Par Alexandre Borde
Si Tunis et Paris disent avoir pacifié leurs relations malgré le soutien français au régime mourant de Zine El Abidine Ben Ali début 2011, une rancoeur certaine subsiste chez les Tunisiens, reflétée par le slogan « France, dégage » lors des dernières manifestations. En pleine crise politique menaçant la stabilité du pays et l’unité du mouvement islamiste au pouvoir Ennahda, ce dernier a inclus la lutte contre « l’ingérence française » comme mot d’ordre à ses rassemblements.
Samedi à Tunis, à une centaine de mètres d’une ambassade française entourée de barbelés depuis l’intervention au Mali, 3 000 manifestants ont scandé à tue-tête « France, dégage », brandissant des pancartes martelant « France, ça suffit ! La Tunisie ne sera plus jamais une terre de colonisation. » À Gafsa, dans l’instable bassin minier, des manifestants criant les mêmes slogans ont brûlé trois drapeaux français en réponse à des propos de Manuel Valls, le ministre français de l’Intérieur, qui avait évoqué un « fascisme islamiste » après l’assassinat mercredi de l’opposant Chokri Belaïd.
Ces propos ont valu un rappel à l’ordre à l’ambassadeur de France, François Gouyette, convoqué vendredi par le Premier ministre Hamadi Jebali et le chef de la diplomatie Rafik Abdessalem. Si Hamadi Jebali a souhaité pacifier la situation en déclarant samedi « l’incident clos », une certaine amertume était tout de même palpable dans ses propos : « La France est un pays ami, et nous attendons de tous nos amis qu’ils nous soutiennent dans cette phase difficile, au moins par leur silence. »
L’incident Alliot-Marie
Cet incident n’est pas le premier, et les médias tunisiens rappellent régulièrement le silence de la France face à la dictature de Ben Ali, voire la compromission d’une partie de la classe politique française, qui bénéficiait des largesses du président déchu.
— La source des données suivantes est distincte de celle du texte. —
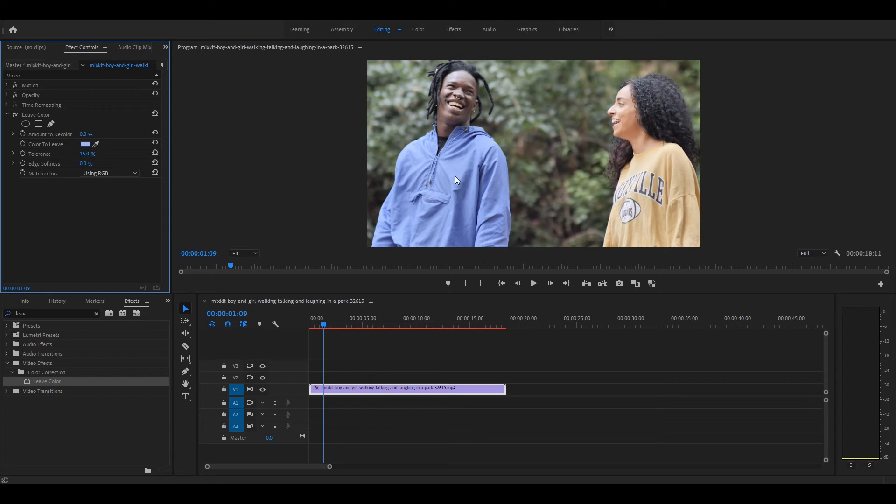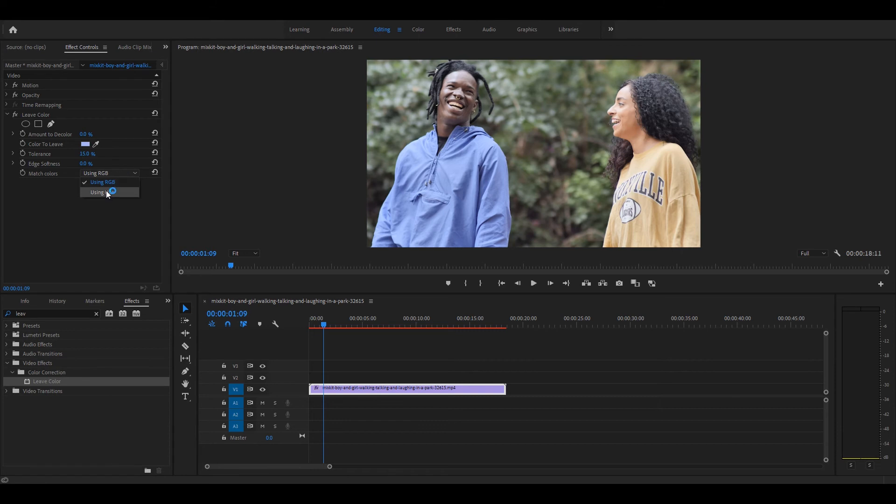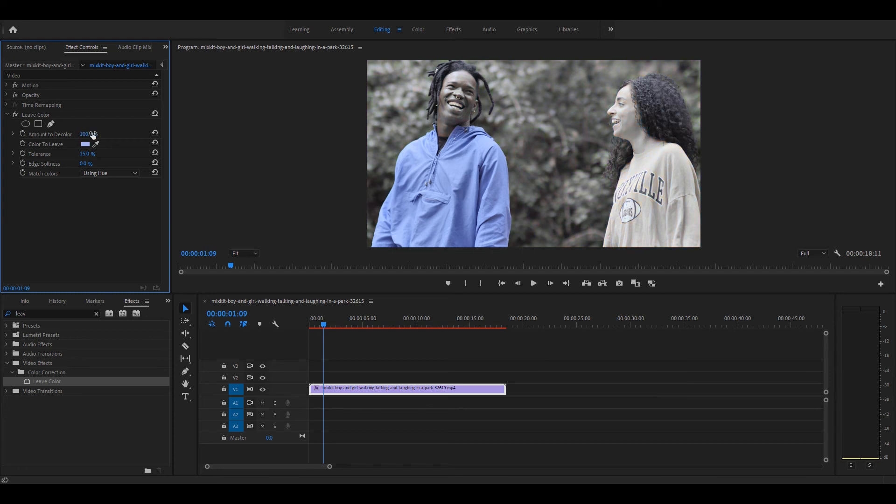Then go to the effect control, use match color select and adjust hue. Go to 100% level by adjusting the amount to decolor.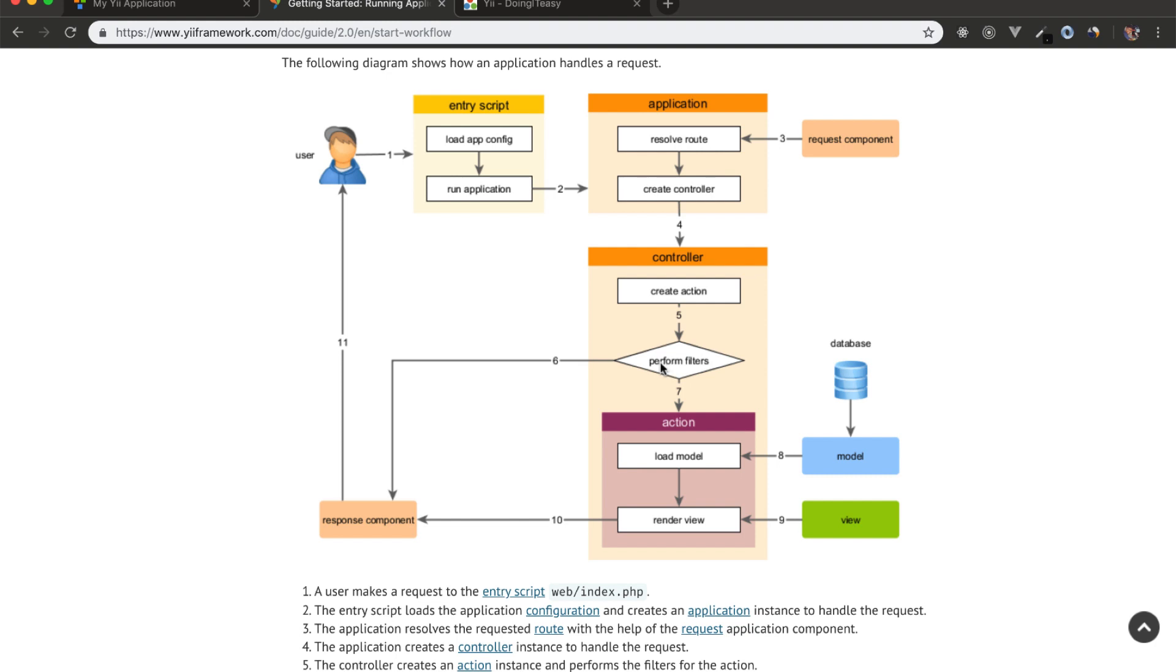If filters fail, then we again load the response component and the response component sends it back to the user, saying something is wrong. If the perform filters passes, then we move on to the action.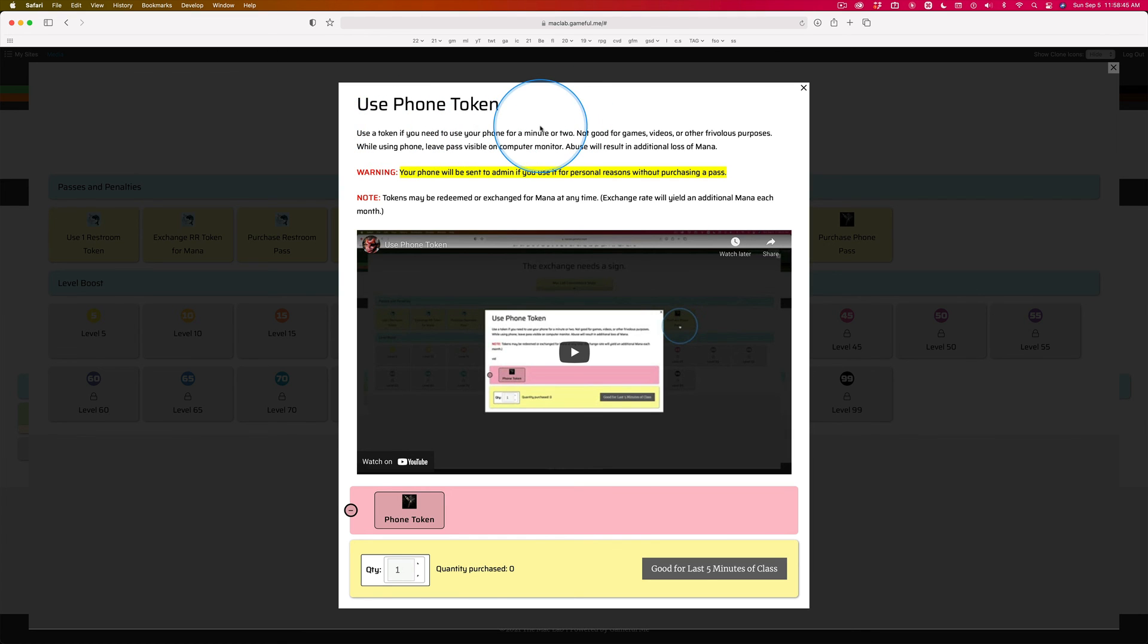It's right here. I'll be reminding you of this. Freedom with responsibility.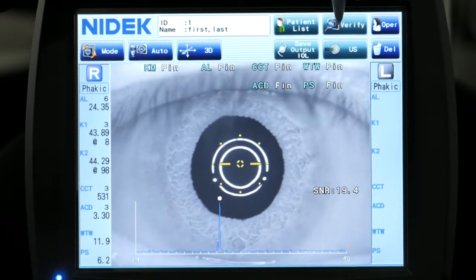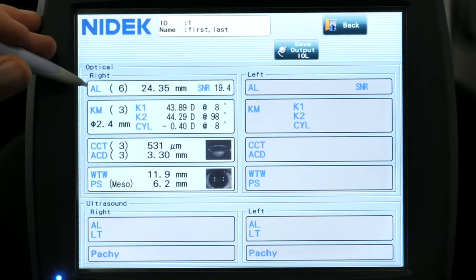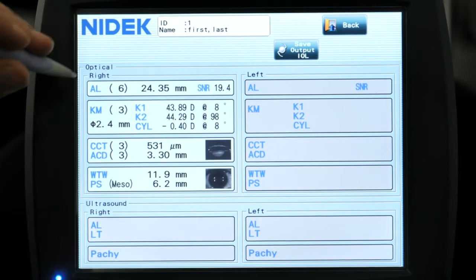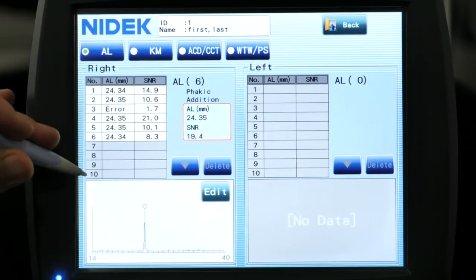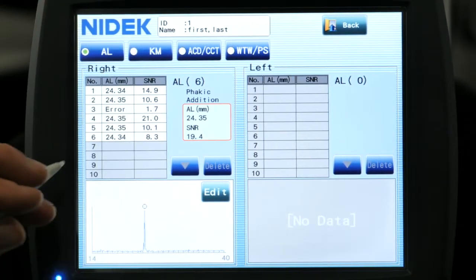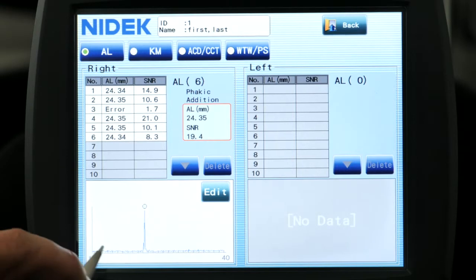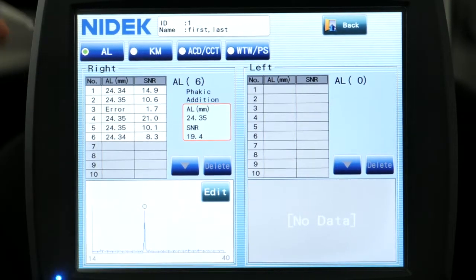At this point, you can just verify your measurements if you want. So you can select axial length here and it's going to show you your axial length measurements. It's going to select the one that's got the higher signal-to-noise ratio for you already.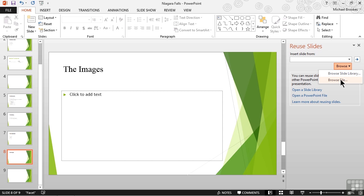A slide library holds individual slides, not presentations, and holds them in one central location, commonly today known as the cloud or on your network, so they can be reused throughout a project team or an organization. It's perfect for those things that we need to reuse over and over, like a slide with our mission statement or an org chart, for example.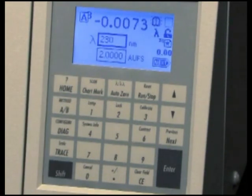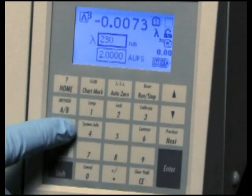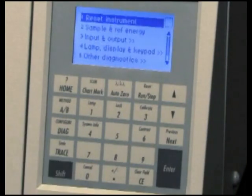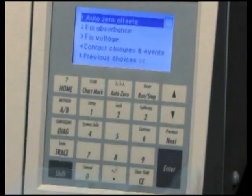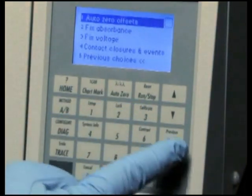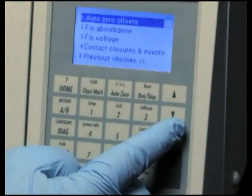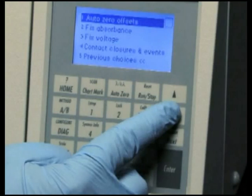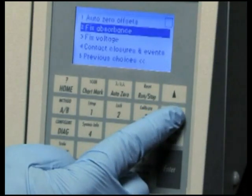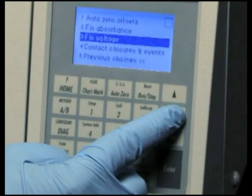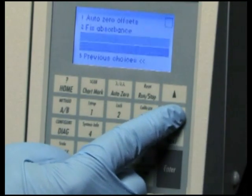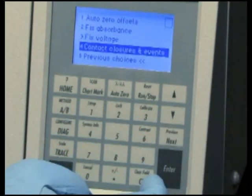Selecting Input and Output accesses a list of diagnostics to control inputs and outputs. They are Auto Zero Offset, Fix Absorbance, Fix Voltage, and Contact Closures and Events.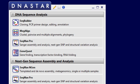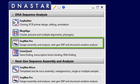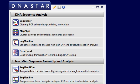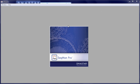SeqMan Pro is DNA Star's application for assembling and analyzing sequencing data. SeqMan Pro can be used to analyze next-gen assemblies from SeqMan Engine, but in this video, I'm going to focus on traditional Sanger sequence assembly and analysis using SeqMan Pro.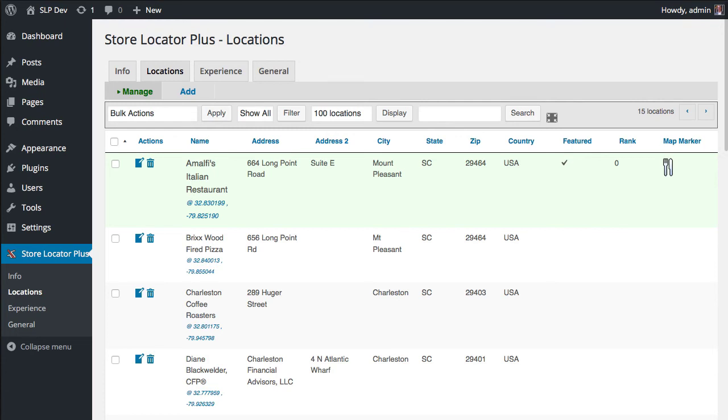Hello, this is Lance Cleveland, author of the Store Locator Plus plugin for WordPress. Version 4.4.01 of the Experience add-on is being released this week, only one week after the release of the initial 4.4 product.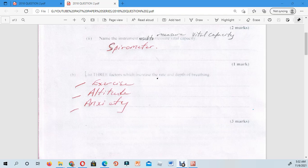For altitude: the higher you go above sea level, the higher the altitude gets. Because the air is so thin at high altitude, the amount of oxygen is reduced. The only way the human body can get the required amount of oxygen is by breathing faster. As for anxiety, when anxiety kicks in there is an increase in the hormone adrenaline, and that increased hormone production stimulates your breathing rate to increase.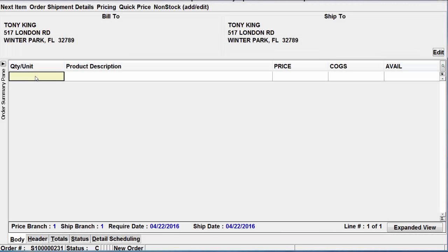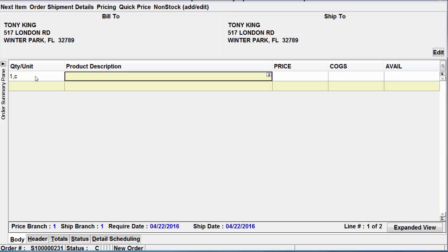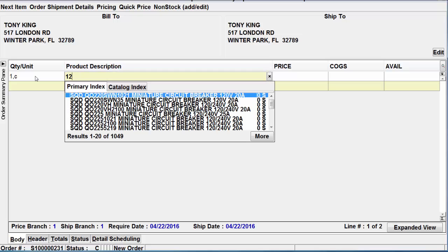Now let's show you in Solar. It's the same process here. Let's enter in an order and stop on the body screen as I've done here. In the quantity field simply put your quantity followed by a comma. After the comma enter in the zone the customer pulled material from, so I'll put a C for the counter. You enter over to the product description field and you find the product like you normally would.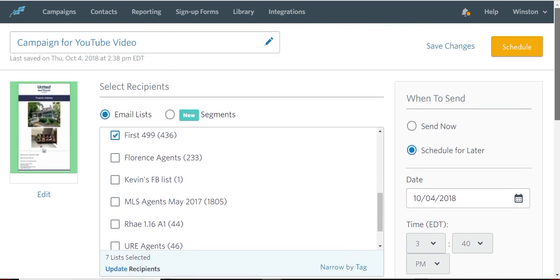So these are the basics, the very basics of Constant Contact. I'm sure there's more we can talk about more, but this will get you going. This will get you on the way to creating an email flyer to send to the rest of the agents in town. I'll see you then. Let's go.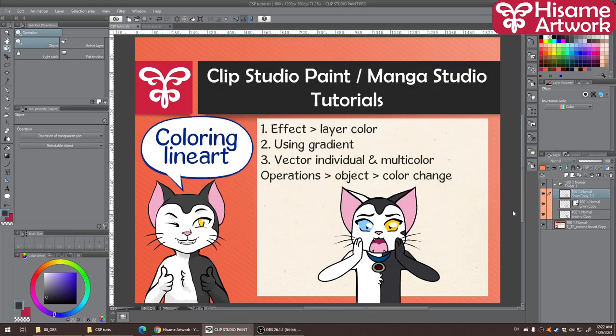Hi and welcome to my channel Hissam Artwork. I hope you're having a good day. In this video I'm going to discuss how you can color your line art, and there are kind of three ways you can do that in Clip Studio Paint in my opinion.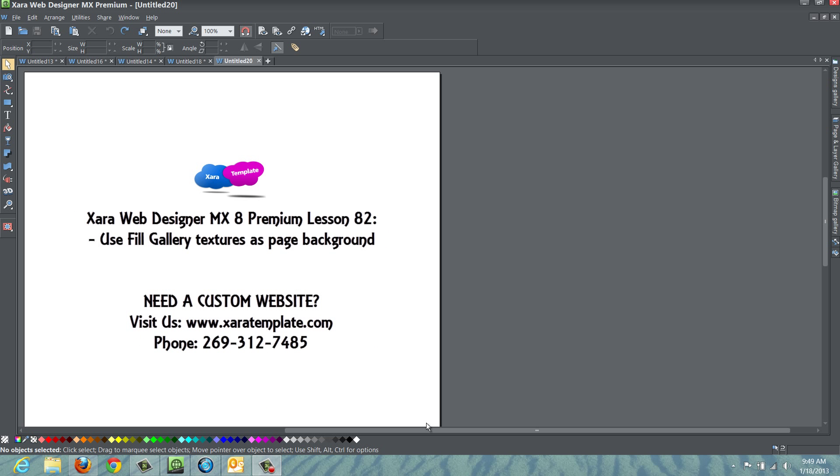Welcome to XR template tutorial lesson number 82. In this tutorial, I'm going to be talking about how to access the Fill Gallery to create a textured background in your web design workspace.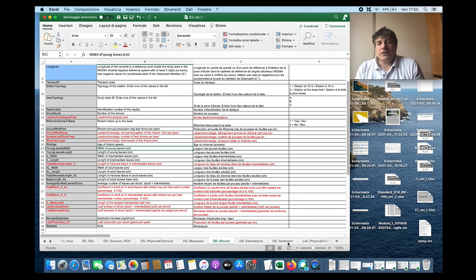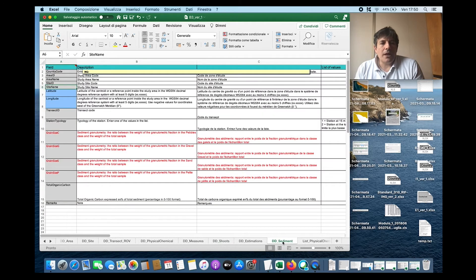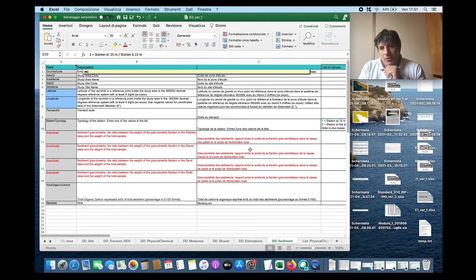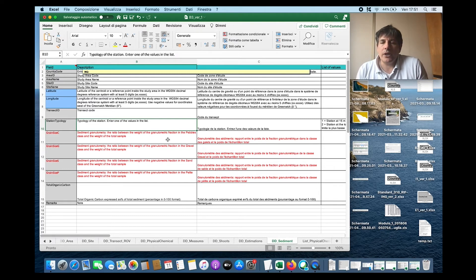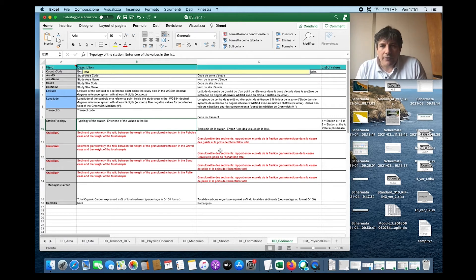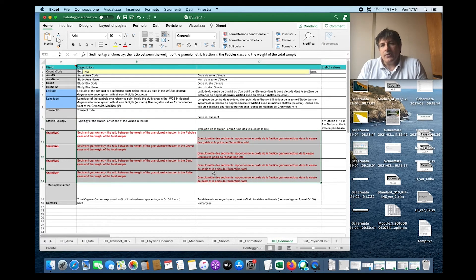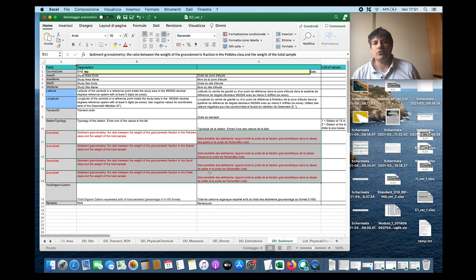The last thing about this standard I want to highlight is the information about sediment. Sediment is sampled in the proximity of the meadow, meaning you have to place this sampling at the upper or lower limit of the station. You do not sample sediment wherever — not 10 or 5 kilometers from the meadows — but in the proximity. Even if this is not mandatory, it is strongly suggested to survey this, because grain size is really very important to assess the condition of the habitat.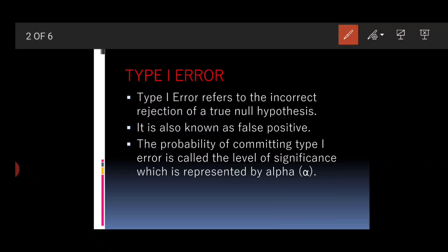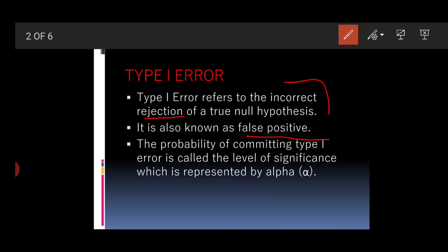So, what is Type 1 error? It is the incorrect rejection of a true null hypothesis. When a researcher commits the error of rejecting a null hypothesis when it is actually true, that is Type 1 error. You wrongly assumed that the null hypothesis was not true when in reality it actually is. Type 1 error is also known as a false positive. The probability of committing Type 1 error is called the level of significance, represented by alpha.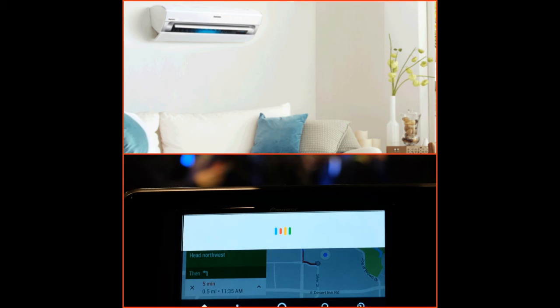Hi guys, in today's video I'll teach you how you can control your air conditioner when you are outside your home. So while reaching your home, you want to cool your room, right? I will tell you how you can start your AC by using the IoT concept. Please be seated and watch the video till the end.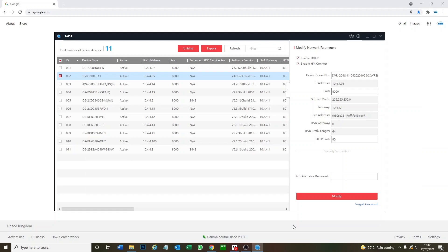Hi and welcome to another video. So today we are looking at our Hi-Look by Hikvision DVR, but what we're going to be doing is a factory reset with no monitor, and we're going to be doing that through the PC via SADP tool.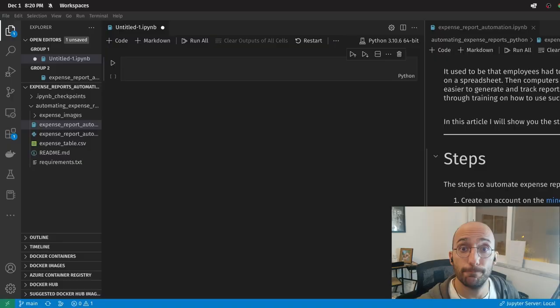What's up, guys? Welcome back to the channel. In this video, we're going to learn how to automate your expense reports using Python. All right, so let's get over to our Jupyter notebook.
Dans la rue, certains n’hésitent pas à crier leur haine : « Dégage ! Elles étaient où les caméras sous Ben Ali ? Et maintenant tu viens dans notre quartier », a ainsi lancé un jeune homme à une équipe de l’AFP.
Car chacun se souvient que lorsque les manifestations battaient leur plein en janvier 2011, la ministre française des Affaires étrangères de l’époque, Michèle Alliot-Marie, avait proposé une coopération sécuritaire avec Tunis. Autre souvenir douloureux : l’ambassadeur Boris Boillon, un proche de l’ex-président Nicolas Sarkozy nommé en février 2011 et rappelé à l’été 2012, avait suscité l’ire des Tunisiens, en lançant à une journaliste : « N’essayez pas de me faire tomber sur des trucs débiles ! »
« Nos amis, nos cousins » (Fabius)
La couverture par les médias français de la Tunisie depuis la révolution, en particulier pour ce qui touche à l’islamisme, est également souvent décriée. Dernier épisode en date, un reportage télévisé diffusé en janvier sur France 2 sur les salafistes en Tunisie a suscité une levée de boucliers chez les professionnels du tourisme, secteur sinistré depuis la révolution qui peine à se relever du fait de l’insécurité ambiante. Côté français, on souligne souvent que ces accrocs sont anecdotiques et que Paris n’a aucune volonté d’ingérence.
« Nous n’avons pas, nous Français – faisons très attention à cela -, à nous ingérer dans ce qui se passe en Tunisie. Mais nous sommes évidemment attentifs, inquiets parce que ce sont nos amis, nos cousins », a souligné dimanche soir le ministre des Affaires étrangères, Laurent Fabius. Et l’ambassade de France en Tunisie a rappelé que cette amitié se traduisait aussi par une assistance sonnante et trébuchante. En effet, le budget 2012 de la coopération et d’action culturelle en Tunisie a atteint six millions d’euros, le 3e au monde en valeur absolue et le premier par habitant.